# [WHAT THE TASK REQUIRES]
Reproduce each record below in full, word for word, without images.

# [SOURCE MATERIAL]

- Opening Delimiter -

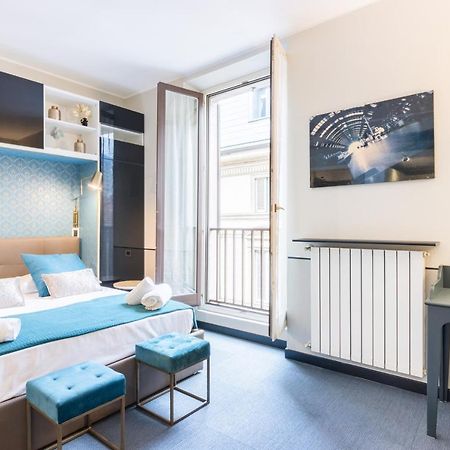 Cosy Studio Brera & Moscova! ميلان المظهر الخارجي الصورة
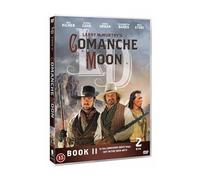 Comanche Moon Dead Mans Walk Marca
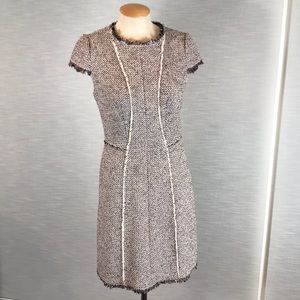 Rebecca Taylor to the knee dress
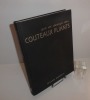 Art et design des couteaux pliants. Editions White Star, Paris, 2006. . DAROM, David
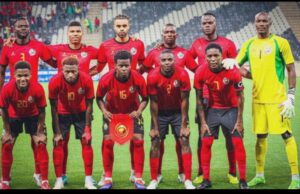 AFCON 2025: Mozambique’s Gabriel Takes Pride in Historic Last-16 Run Despite Nigeria Defeat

- Closing Delimiter -

# [COMPLETED EXERCISE]
 Cosy Studio Brera & Moscova! ميلان المظهر الخارجي الصورة
 Comanche Moon Dead Mans Walk Marca
 Rebecca Taylor to the knee dress
 Art et design des couteaux pliants. Editions White Star, Paris, 2006. . DAROM, David
 AFCON 2025: Mozambique’s Gabriel Takes Pride in Historic Last-16 Run Despite Nigeria Defeat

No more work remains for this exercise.